- _WHAT TO WORK ON_
Reproduce each line, exactly, from the one containing "Toddler proclaimed as" through the end of the material. Exclude pictures.
[DATA TO EXAMINE — start]
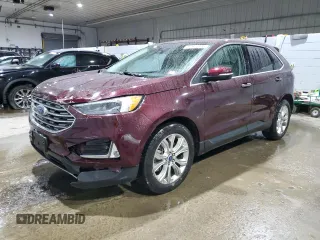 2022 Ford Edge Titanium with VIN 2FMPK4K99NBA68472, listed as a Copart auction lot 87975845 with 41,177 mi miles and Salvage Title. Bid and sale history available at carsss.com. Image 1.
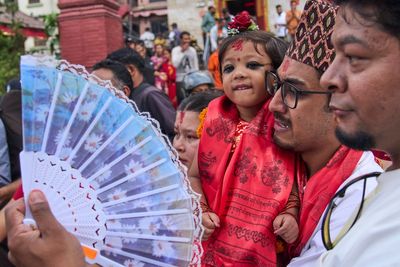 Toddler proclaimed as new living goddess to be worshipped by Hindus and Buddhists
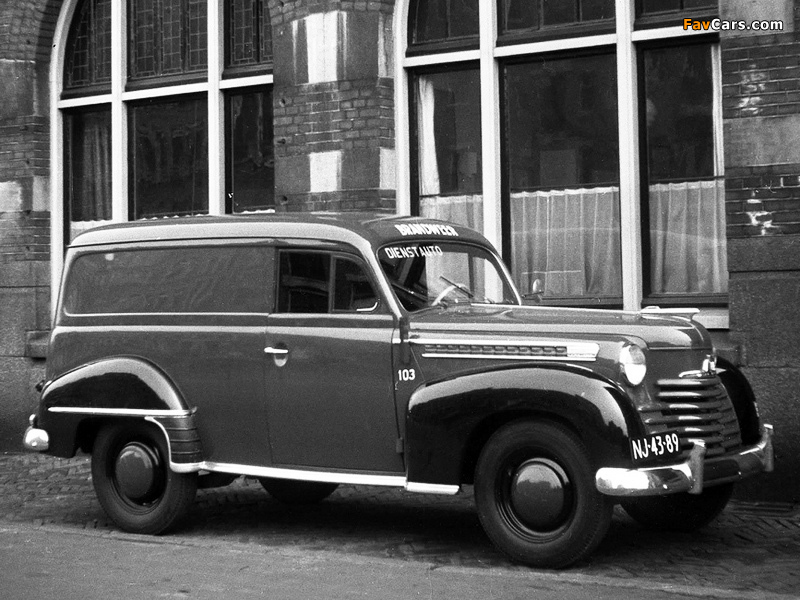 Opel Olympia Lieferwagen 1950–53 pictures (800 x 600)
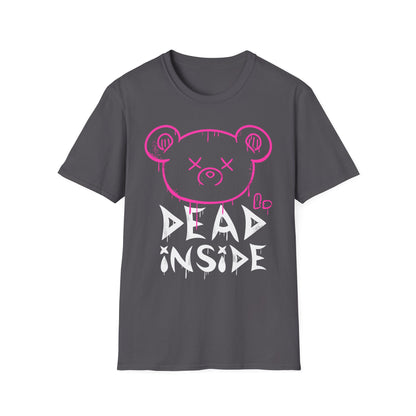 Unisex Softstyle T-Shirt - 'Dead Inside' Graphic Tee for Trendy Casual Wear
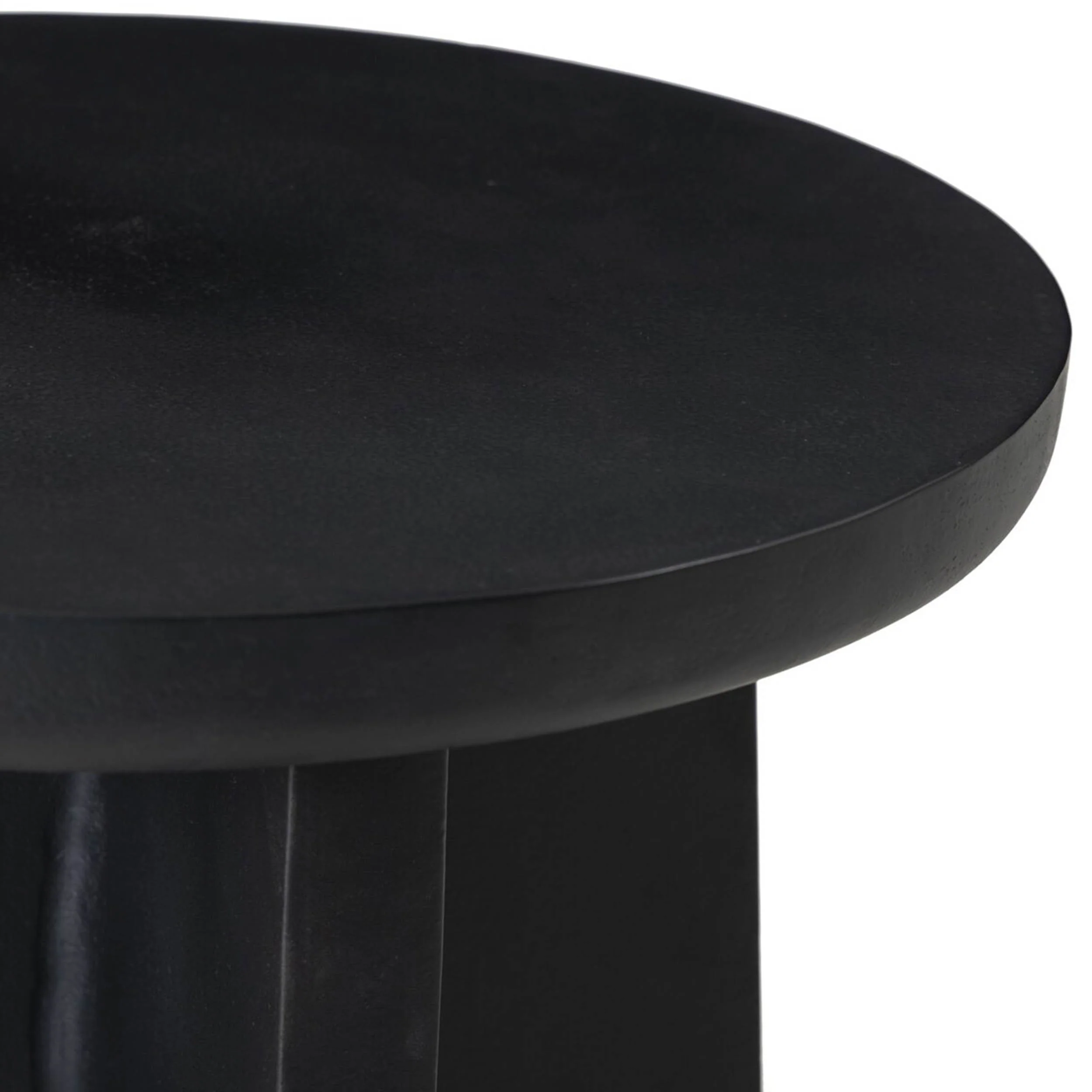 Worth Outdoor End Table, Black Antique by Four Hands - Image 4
[DATA TO EXAMINE — finish]
- _SOLUTION FOR THIS TASK_
 Toddler proclaimed as new living goddess to be worshipped by Hindus and Buddhists
 Opel Olympia Lieferwagen 1950–53 pictures (800 x 600)
 Unisex Softstyle T-Shirt - 'Dead Inside' Graphic Tee for Trendy Casual Wear
 Worth Outdoor End Table, Black Antique by Four Hands - Image 4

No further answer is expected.